老五,文雅的喫相,即沒看書,也不抬頭,不緊不慢的甚是規矩。
老七,一邊喫一邊朝八阿哥擠眼睛,示意他看我這邊,估計肚子裏沒好話。
老八,被他七哥弄的莫名其妙,抬頭看了我一眼,和我對個正着。一怔之下微一頷首,嘴角稍微上扯了一下,算是打招呼了。我也趕緊對他報以友好的微笑,可笑容未達眼底,此人已經低下頭去了!
老九,因老十和我的眉眼官司問題,他正用低的不能再低的聲音對着老十咬耳朵,還時不時地抬頭瞪我一眼。
老十,一邊攢眉瞪眼的聽他九哥說話,一邊朝我憨憨的微笑。弄的我很不自在,只好將眼神越過他看向他身後的十二阿哥胤裪。
胤裪還不大,和旁邊的十三阿哥胤祥差不多。爲人很有氣質,別看年紀小,卻隱隱帶着幾分出世的味道。
十三正一邊喫飯一邊眨巴着大眼睛看着我,那眼神就像頭一次看見熊貓的外國人==b
十四是最小的,估計也就五六歲。旁邊的侍從正喂他喫飯,小傢伙對我很好奇,眼睛骨碌骨碌的轉個不停,不知道在想些什麼。
打量完了,各位的飯也喫的差不多了。接下來還是學習,連午休時間都沒有。我默默的端走了顧八代的飯碗,忍不住爲自己不幸的未來一掬辛酸之淚。早上四點爬起來,五點開始上課,中午用光速喫晚飯,下午繼續學習。就算是高考也沒這麼累神啊==b
下午的課是寫字,我一邊研磨,一邊琢磨。老康讓我聽顧八代的課,是不是我就不用聽別人的了?那樣的話,我還是有自由的。一邊琢磨一邊心不在焉的劃拉着,不知不覺的倒是過的很快。就在我琢磨的時候,顧八代忽然飄到了我眼前,指着我的字問道:“你在幹嘛?”
“啊?寫字啊。”
“你寫的是什麼?”
“我寫的是……”低頭一看,額滴神啊,我居然在紙上畫了一個加菲貓!!!
“我…我…我……”
“站起來!”他嚴厲的說道,手裏的戒尺寒光閃閃。我嚥了口唾沫站起來,我前面的十三和十四趕緊趁亂回頭一看,頓時就大笑起來。

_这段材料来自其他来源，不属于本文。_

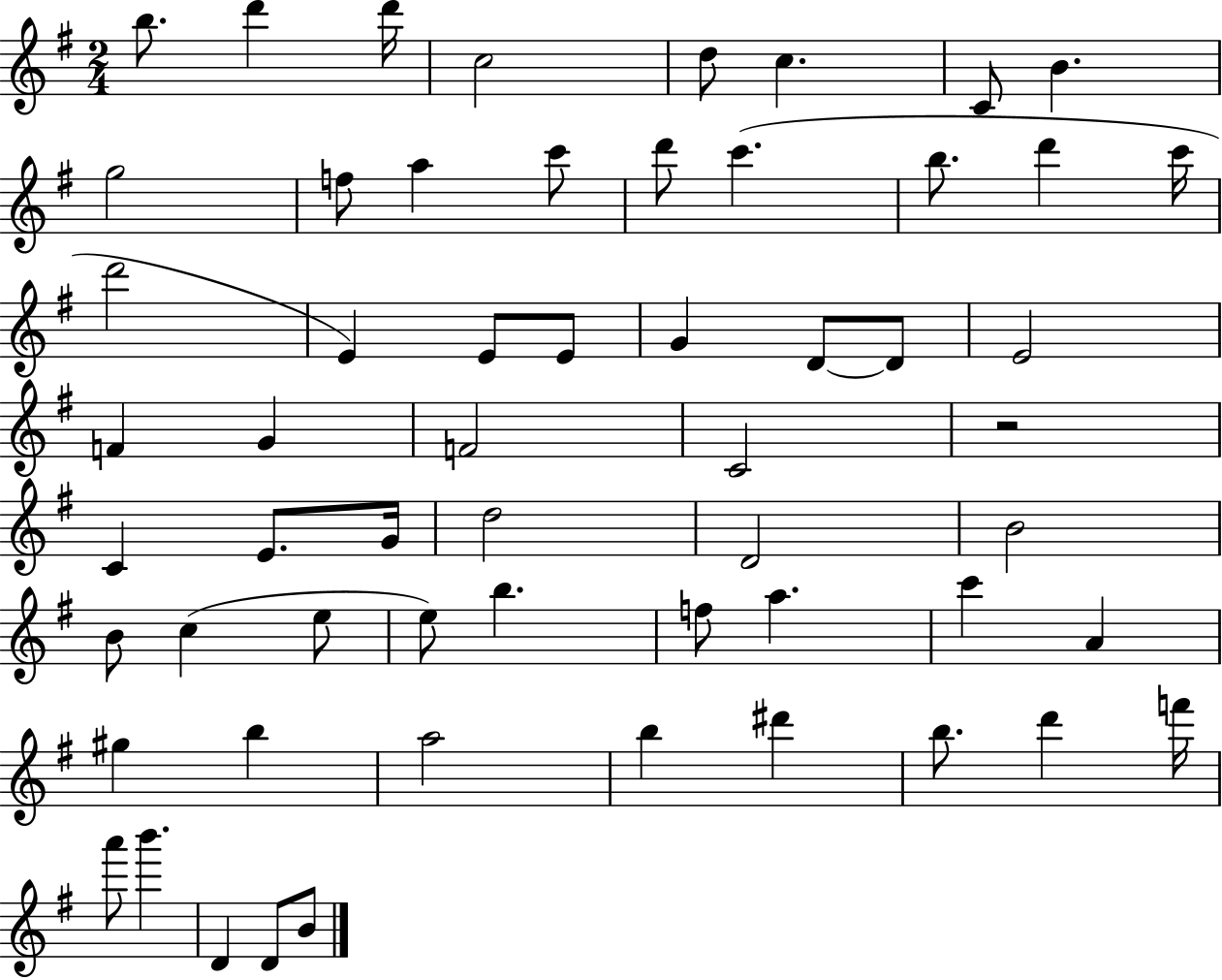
{
  \clef treble
  \numericTimeSignature
  \time 2/4
  \key g \major
  b''8. d'''4 d'''16 | c''2 | d''8 c''4. | c'8 b'4. | \break g''2 | f''8 a''4 c'''8 | d'''8 c'''4.( | b''8. d'''4 c'''16 | \break d'''2 | e'4) e'8 e'8 | g'4 d'8~~ d'8 | e'2 | \break f'4 g'4 | f'2 | c'2 | r2 | \break c'4 e'8. g'16 | d''2 | d'2 | b'2 | \break b'8 c''4( e''8 | e''8) b''4. | f''8 a''4. | c'''4 a'4 | \break gis''4 b''4 | a''2 | b''4 dis'''4 | b''8. d'''4 f'''16 | \break a'''8 b'''4. | d'4 d'8 b'8 | \bar "|."
}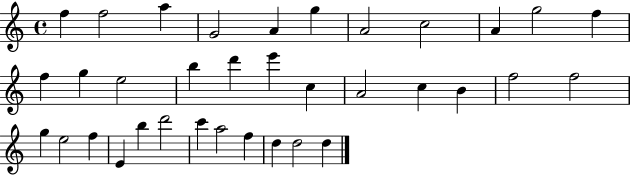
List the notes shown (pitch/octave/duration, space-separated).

F5/q F5/h A5/q G4/h A4/q G5/q A4/h C5/h A4/q G5/h F5/q F5/q G5/q E5/h B5/q D6/q E6/q C5/q A4/h C5/q B4/q F5/h F5/h G5/q E5/h F5/q E4/q B5/q D6/h C6/q A5/h F5/q D5/q D5/h D5/q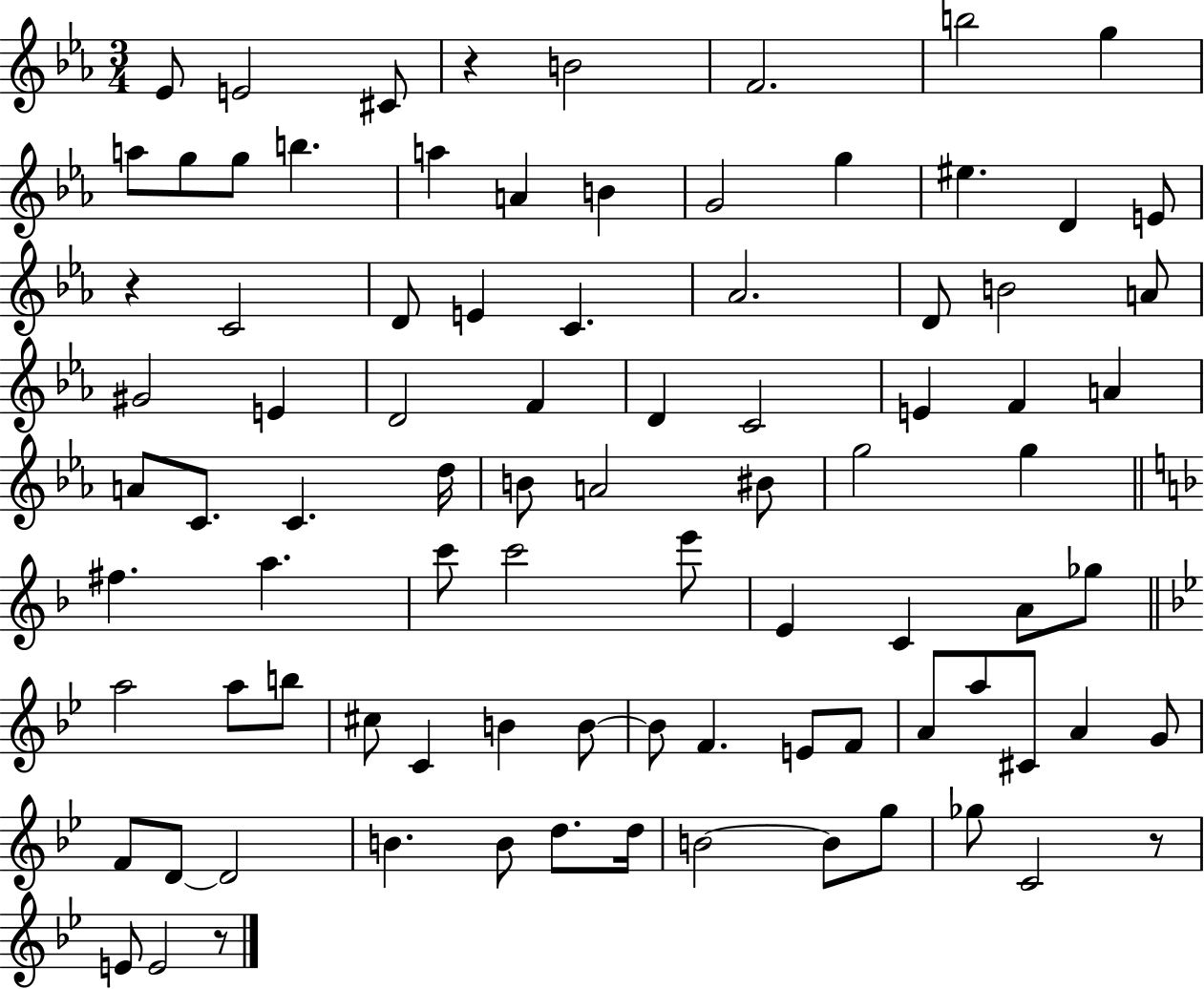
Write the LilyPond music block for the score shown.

{
  \clef treble
  \numericTimeSignature
  \time 3/4
  \key ees \major
  ees'8 e'2 cis'8 | r4 b'2 | f'2. | b''2 g''4 | \break a''8 g''8 g''8 b''4. | a''4 a'4 b'4 | g'2 g''4 | eis''4. d'4 e'8 | \break r4 c'2 | d'8 e'4 c'4. | aes'2. | d'8 b'2 a'8 | \break gis'2 e'4 | d'2 f'4 | d'4 c'2 | e'4 f'4 a'4 | \break a'8 c'8. c'4. d''16 | b'8 a'2 bis'8 | g''2 g''4 | \bar "||" \break \key f \major fis''4. a''4. | c'''8 c'''2 e'''8 | e'4 c'4 a'8 ges''8 | \bar "||" \break \key bes \major a''2 a''8 b''8 | cis''8 c'4 b'4 b'8~~ | b'8 f'4. e'8 f'8 | a'8 a''8 cis'8 a'4 g'8 | \break f'8 d'8~~ d'2 | b'4. b'8 d''8. d''16 | b'2~~ b'8 g''8 | ges''8 c'2 r8 | \break e'8 e'2 r8 | \bar "|."
}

顧八代兩眼一瞪,小哥兒倆馬上就捂住了嘴巴。灰溜溜的扭過頭去了,可我還是可以看出他們在偷笑。老十和老十二都在悄悄的問他們我畫的是什麼,十三和十四拿起筆悄悄的在紙上寫了幾個字。也不知他們是怎麼寫的,那哥兒倆頓時就捂着嘴悶笑去了。
“伸出手來!”顧八代狠狠地瞪了那幾人一眼。我極不情願的伸出手,小聲說:“弟子錯了。”
“哼!”戒尺高高舉起,重重落下,“啪”的一聲響徹了全場。一片寂靜中我像殺豬一樣叫喚起來。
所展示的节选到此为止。